I was looking to run LLM locally to develop a bot to compete in a 20 questions competition.
Found llama-cpp-python (a python binding on top of llama-cpp) which enables us to run LLM with variety of hardwares. This is useful since I only have an old gaming GPU with little memory (8GB).
First, we need to download a LLM model. There are huge selection of LLM models that fine tuned and quantised in hugging face model hub to run locally. The LocalLLaMa subreddit is also a great resource about the latest LLM models, their performance benchmark and actual user experience.
I used quantised Llama 3.1 8B from bartowski since that was the latest model.
Using the Q8_0 format as the GPU (Nvidia T4, 16GB VRAM) in Kaggle notebook could load the entire model (8.54 GB file size) and I can run it locally with my hardware (spilling some of the layers to CPU).
Loading the model is relatively straightforward.
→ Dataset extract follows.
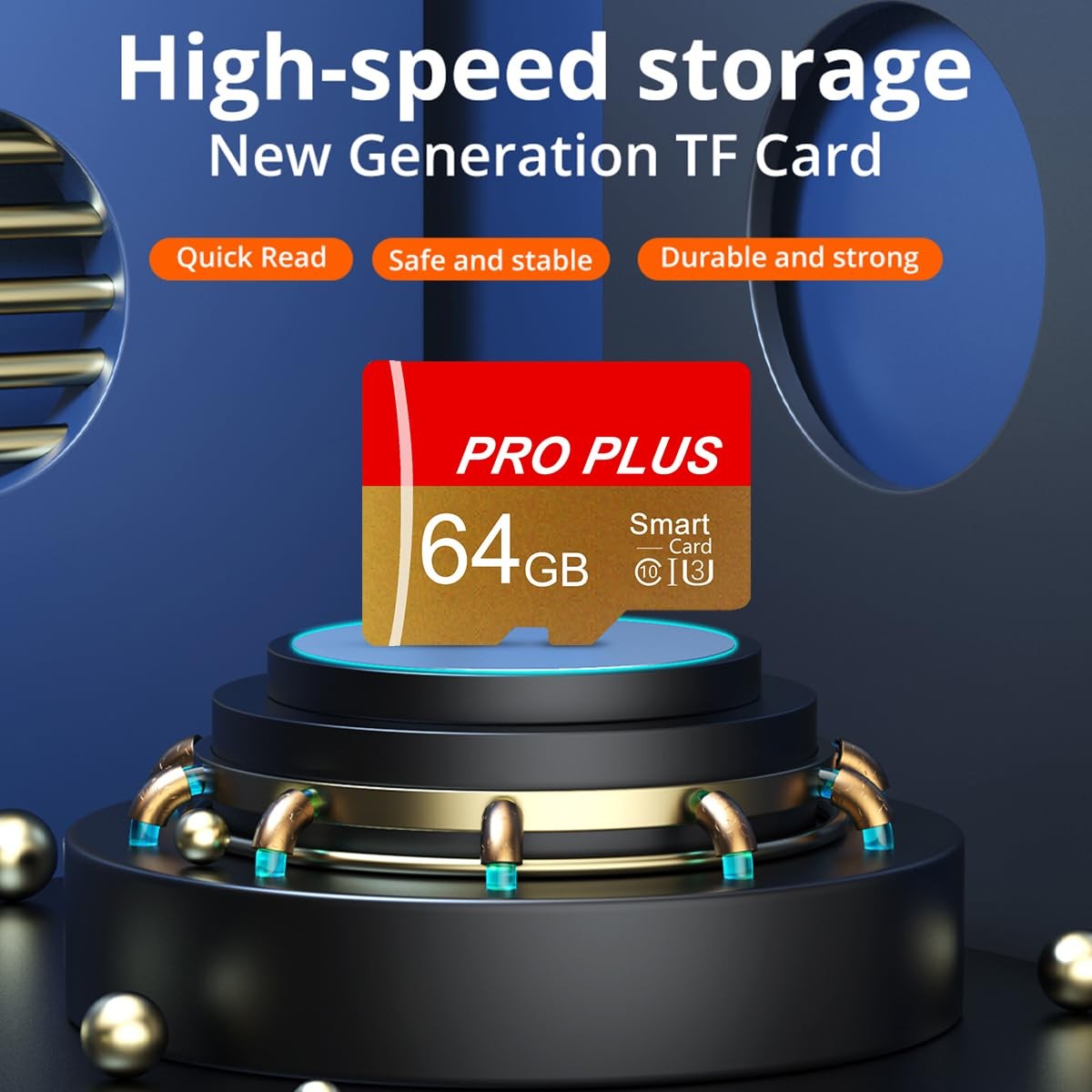 64GB UHS-I C10 A1 High Speed TF Memory Card with Adapter for Mobile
from llama_cpp import Llama
llm = Llama(
model_path="llama-3.1-8b-q8-0-gguf/Meta-Llama-3.1-8B-Instruct-Q8_0.gguf",
n_ctx=4096,
n_threads=11,
n_gpu_layers=25,
chat_format="llama-3",
)
n_ctxis the number of tokens for context. Each model has it own limit and we can set it to0to use the default. However, the default limit for Llama 3.1 8B is quite big (128K tokens) and my local machine doesn’t have enough memory for large context window. As a result, I set it to a smaller value4096which is sufficient for my prompt.n_threadsis the number of CPU core the model will use, my machine has 12 cores so I set to11for 1 other core to do other tasksn_gpu_layersis the number of layer compute on the GPU. We can set it to-1to compute all layers at GPU. However since my GPU can’t hold all the layers inside memory, I needed to set a specific amount. After some trial and error, I configured to 25 so the model will use most of the GPU to get a speed boost.
Load the model with n_gpu_layer to - 1 and ran out of memory.
ggml_cuda_init: found 1 CUDA devices:
Device 0: NVIDIA GeForce RTX 2070, compute capability 7.5, VMM: yes
llm_load_tensors: ggml ctx size = 0.27 MiB
ggml_backend_cuda_buffer_type_alloc_buffer: allocating 7605.34 MiB on device 0: cudaMalloc failed: out of memory
llama_model_load: error loading model: unable to allocate backend buffer
llama_load_model_from_file: failed to load model
Set to 1 to see how many layers we have.
llm_load_tensors: offloading 1 repeating layers to GPU
llm_load_tensors: offloaded 1/33 layers to GPU
llm_load_tensors: CPU buffer size = 8137.64 MiB
llm_load_tensors: CUDA0 buffer size = 221.03 MiB
Found the sweet spot with 25 layers.
llm_load_tensors: offloading 25 repeating layers to GPU
llm_load_tensors: offloaded 25/33 layers to GPU
llm_load_tensors: CPU buffer size = 8137.64 MiB
llm_load_tensors: CUDA0 buffer size = 5525.79 MiB
Once the model is loaded, llama-cpp-python provides a conversational interface like OpenAI and Anthropic client SDK. We can construct a list of messages with different roles then pass the messages into the model.
messages = [
{
"role": "system",
"content": dedent("""
Let's play 20 Questions to figure out a keyword.
The keyword is a specific place or person.
Asks yes or no questions to guess the keyword.
"""),
},
{
"role": "assistant",
"content": "Is it a person?"
},
{
"role": "user",
"content": "yes"
}
]
result = llm.create_chat_completion(messages)
extracted = result["choices"][0]["message"]["content"]
print("Bot reply: ", extracted)
llama_perf_context_print: load time = 870.59 ms
llama_perf_context_print: prompt eval time = 0.00 ms / 59 tokens ( 0.00 ms per token, inf tokens per second)
llama_perf_context_print: eval time = 0.00 ms / 6 runs ( 0.00 ms per token, inf tokens per second)
llama_perf_context_print: total time = 1316.56 ms / 65 tokens
Bot reply: Is it a historical figure?